В соответствии с ч. 4 ст. 215 Хозяйственного кодекса Украины такие правонарушения в сфере хозяйствования, как сокрытие банкротства, фиктивное банкротство или умышленное доведение до банкротства, а также неправомерные действия в процедурах неплатежеспособности, связанные с распоряжением имуществом должника, которые причинили существенный ущерб интересам кредиторов и государства, влекут уголовную ответственность виновных лиц в соответствии с законом1. Попытки определить родовой объект преступлений в сфере хозяйственной деятельности (раздел VII УК Украины) с иных позиций чреваты весьма серьезными негативными последствиями, вплоть до полной нивелировки объекта таких деяний, в том числе и на законодательном уровне.
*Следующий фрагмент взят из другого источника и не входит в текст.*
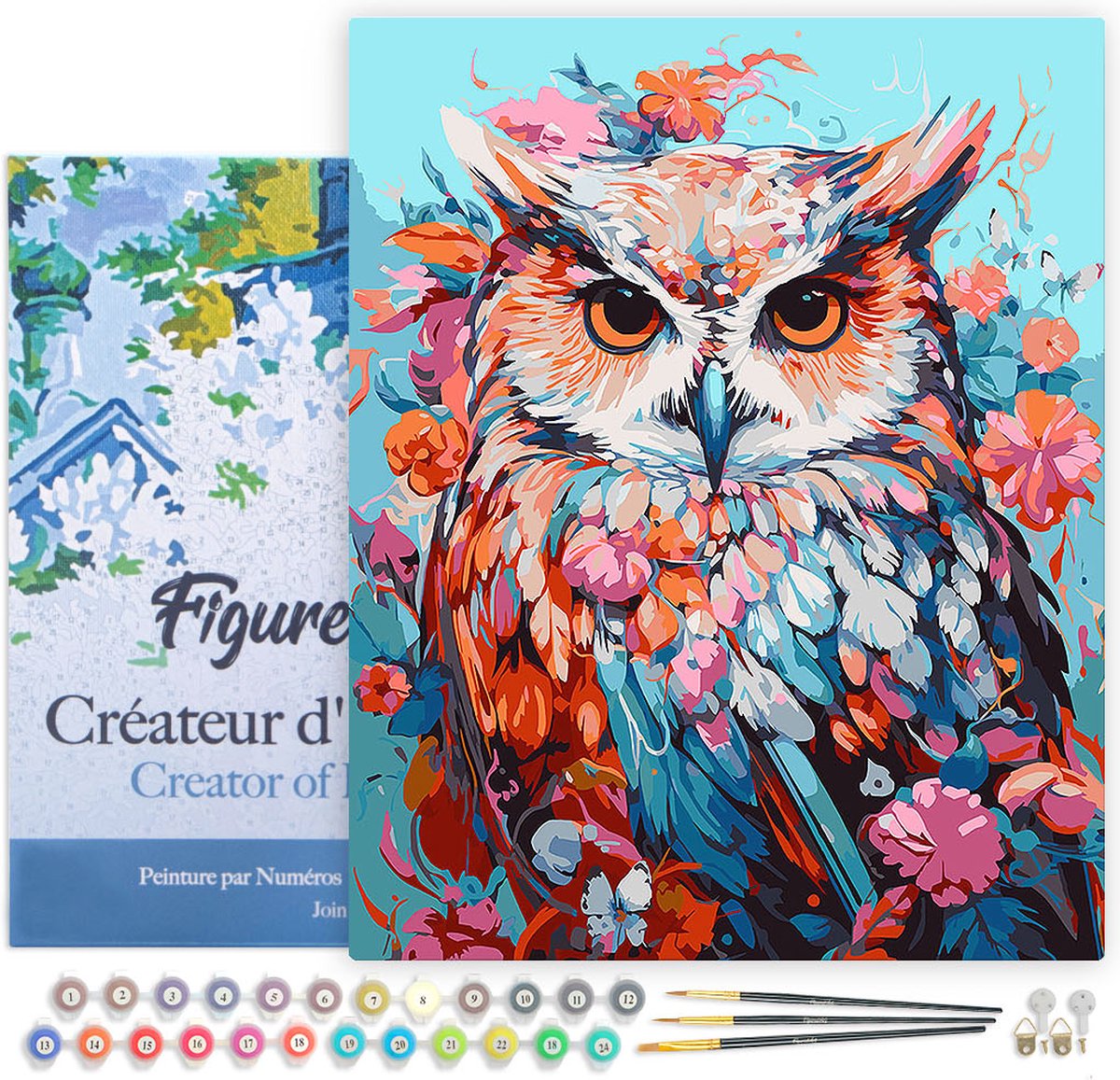 FiguredArt Schilderen op Nummer Volwassenen met lijst Kleurrijke Uil in Bloei - Handwerk acrylverf Kit DIY Compleet - 40x50cm Canvas al ingelijst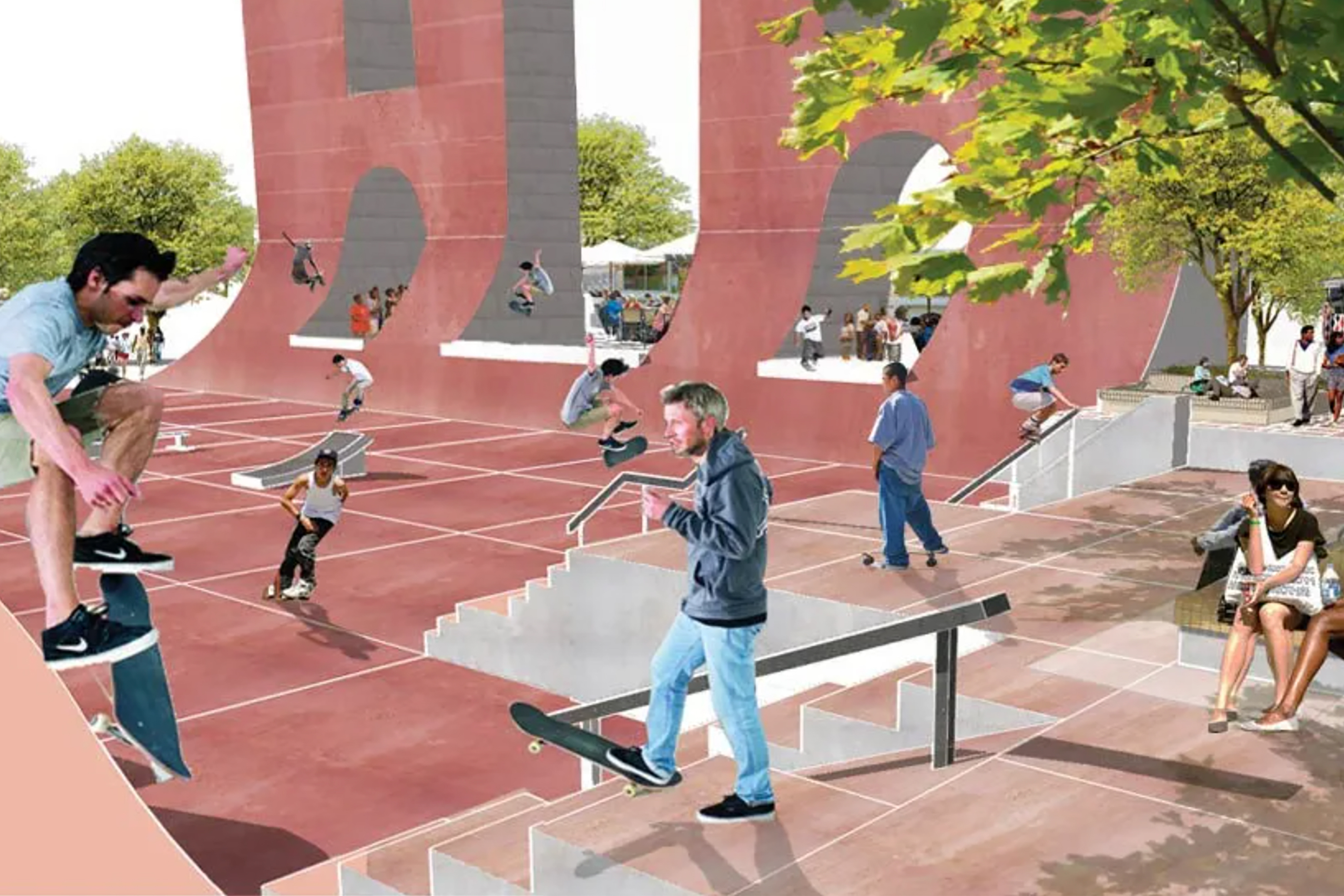 Skaters of all ages use a large outdoor skate plaza with ramps, stairs, rails, and sculptural walls, while others sit and watch under nearby trees.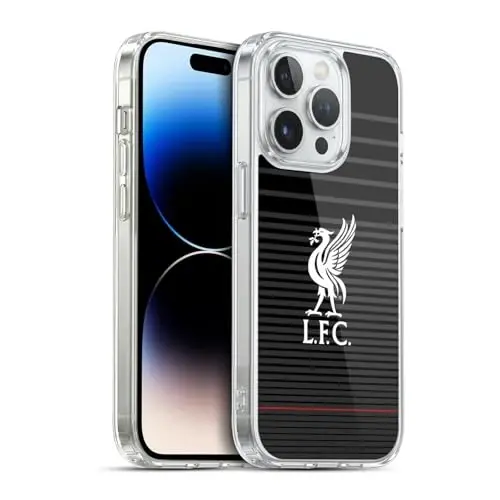 Head Case Designs Officially Licensed Liverpool Football Club White On Black Kit Liver Bird Gel Case [Military Grade Protection] Compatible with Apple iPhone 14 Pro and Compatible with MagSafe - 1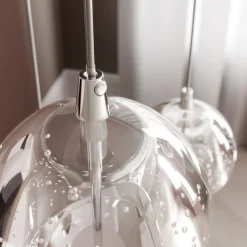 Lucande LED-pendellampe Hayley, Ø 30 cm, 5 lyskilder, krom, glass Discount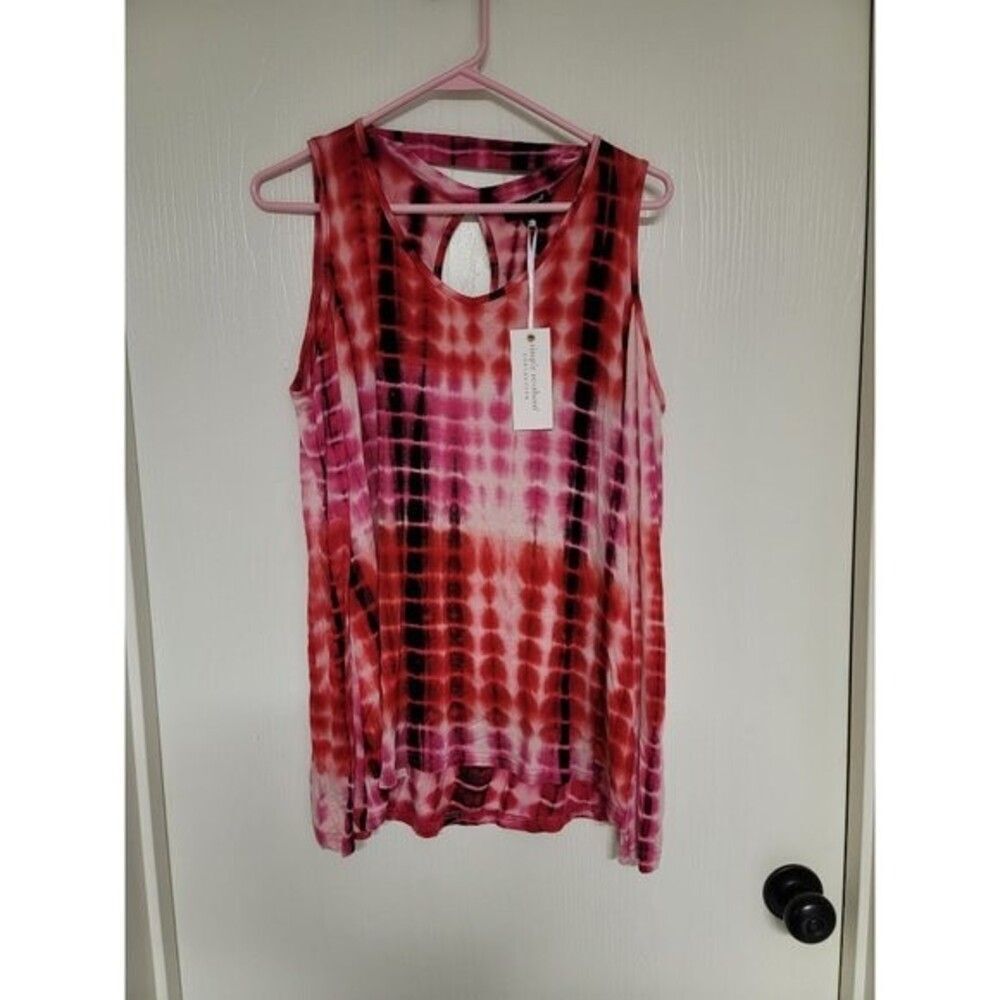 ~ NWT - womens pink & red tie dye open shouldered Simply Southern shirt - size M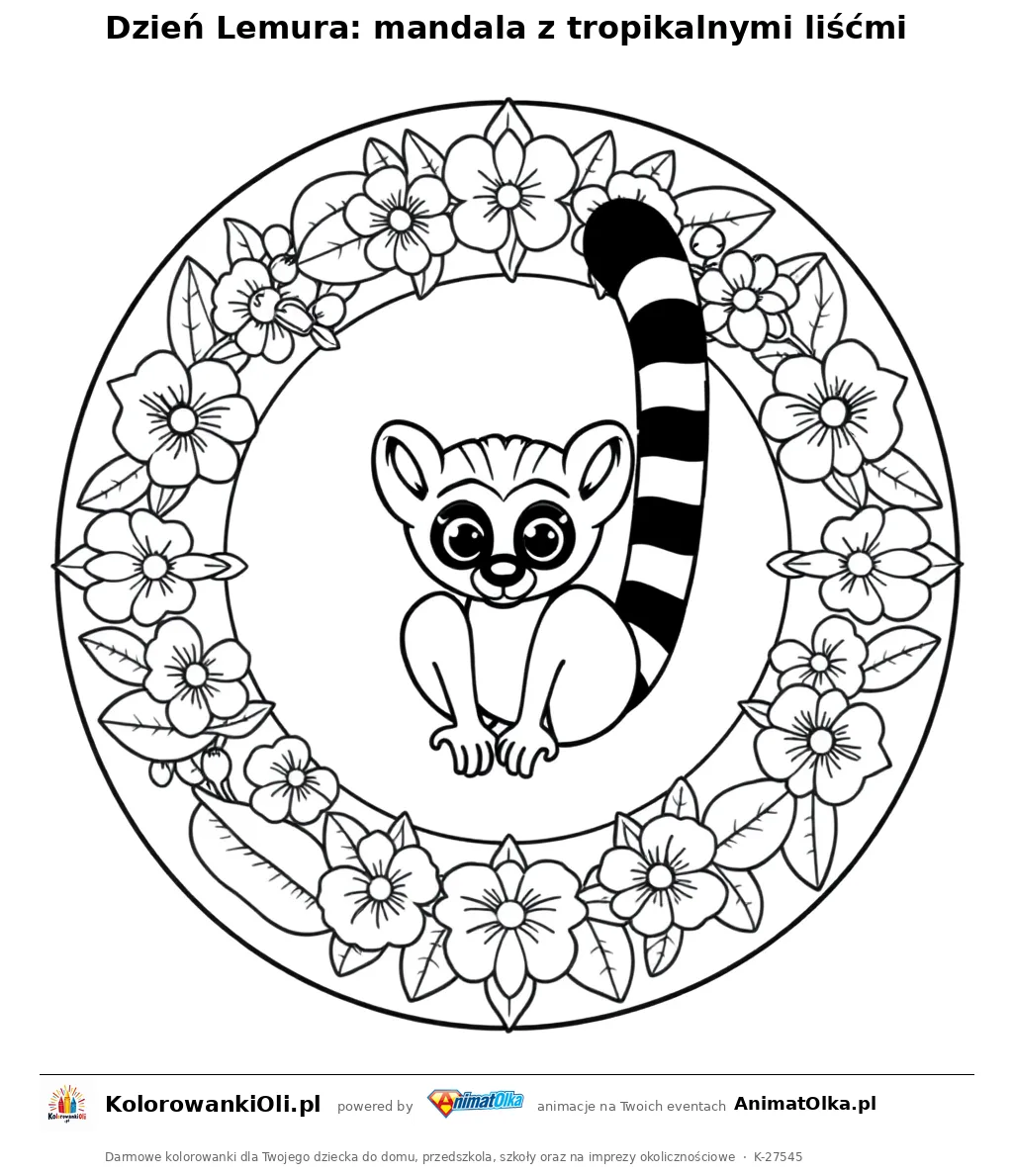 Dzień Lemura: mandala z tropikalnymi liśćmi — kolorowanka na Dzień Lemura do wydruku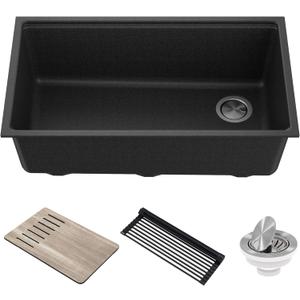 KRAUS Bellucci 32 in. Undermount Workstation Granite Kitchen Sink in Metallic Black with Accessories, KGUW2-33MBL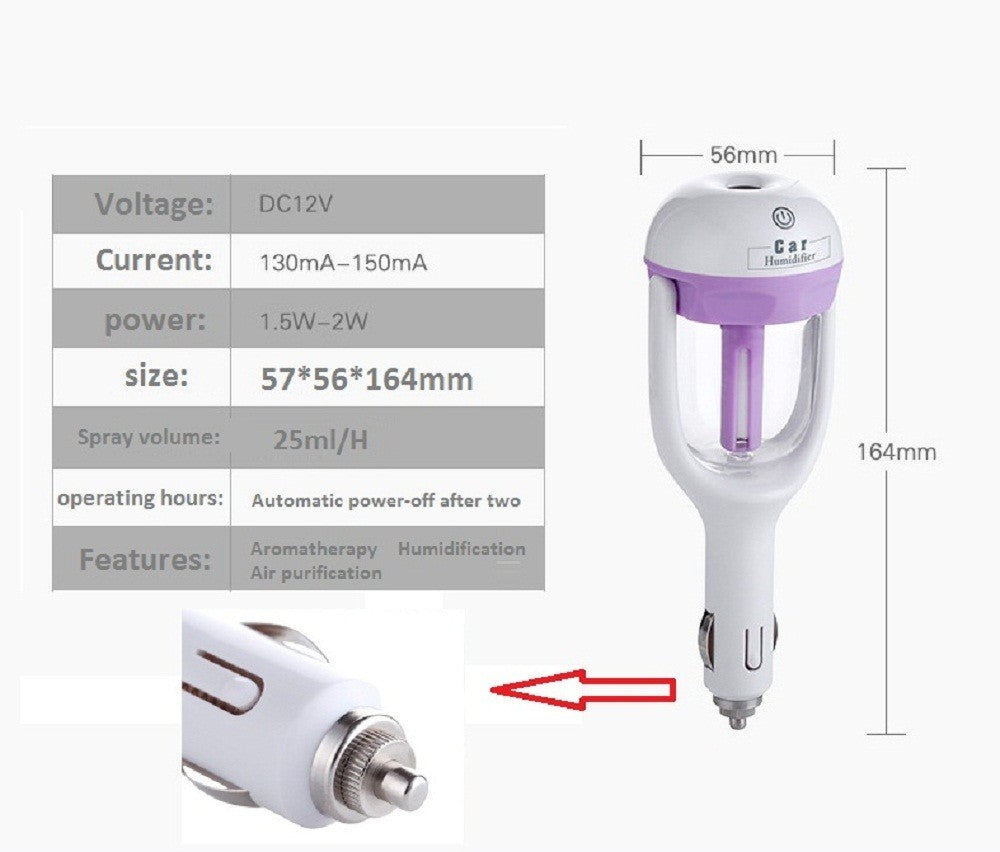 Car humidifier with specifications on a white background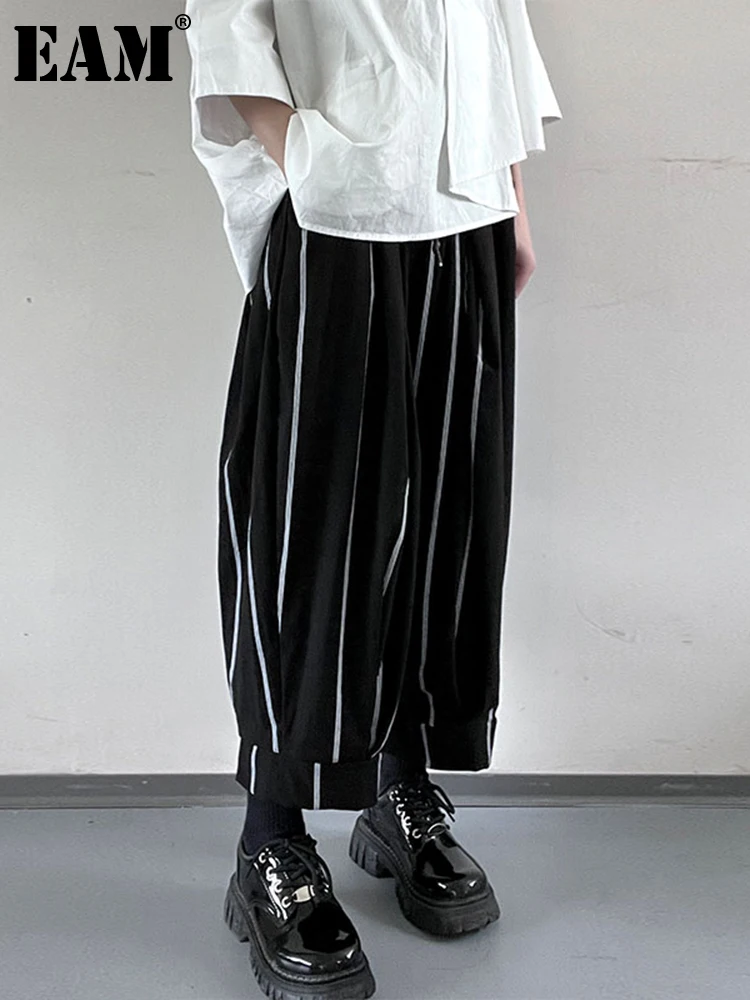 

[EAM] High Elastic Waist Black Striped Long Harem Trousers New Loose Fit Pants Women Fashion Tide Spring Autumn 2022 1DE8750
Так, например, в соответствии со ст. 164.2.12 действующего Налогового кодекса Украины в общий налогооблагаемый доход плательщика налога включаются также деньги либо имущество (нематериальные активы), полученные в виде взятки, похищенные либо найденные в качестве клада, не сданного государству в соответствии с законом, в сумме, определенной обвинительным приговором суда независимо от назначенной меры наказания. Предписание взимать налоги с доходов, полученных преступным путем, по сути ставит знак равенства между законными источниками формирования доходов, что соответствует понятию правового хозяйственного порядка, и незаконными способами обогащения. Налогообложение доходов, полученных незаконным путем (хищение, получение неправомерной выгоды, киллерство, проституция, торговля людьми, органами, наркотиками, оружием и др.), полностью стирает грань между социальными (приемлемыми) общественными отношениями, выступающими объектом уголовно-правовой охраны и антисоциальными отношениями, таковыми не являющимися. Что же касается довольно распространенного в последнее время утверждения о том, что такие термины, как «правовое благо», «ценности» и др., являются более конкретными и менее расплывчатыми, чем термин «общественные отношения», то оно, мягко говоря, вызывает возражения. Стремление любой ценой предать забвению «идеологически запятнанные» общественные отношения приводит к тому, что ученые так или иначе пытаются поместить на их место другую социальную категорию, и как результат все сводится к тем же «многострадальным» общественным отношениям.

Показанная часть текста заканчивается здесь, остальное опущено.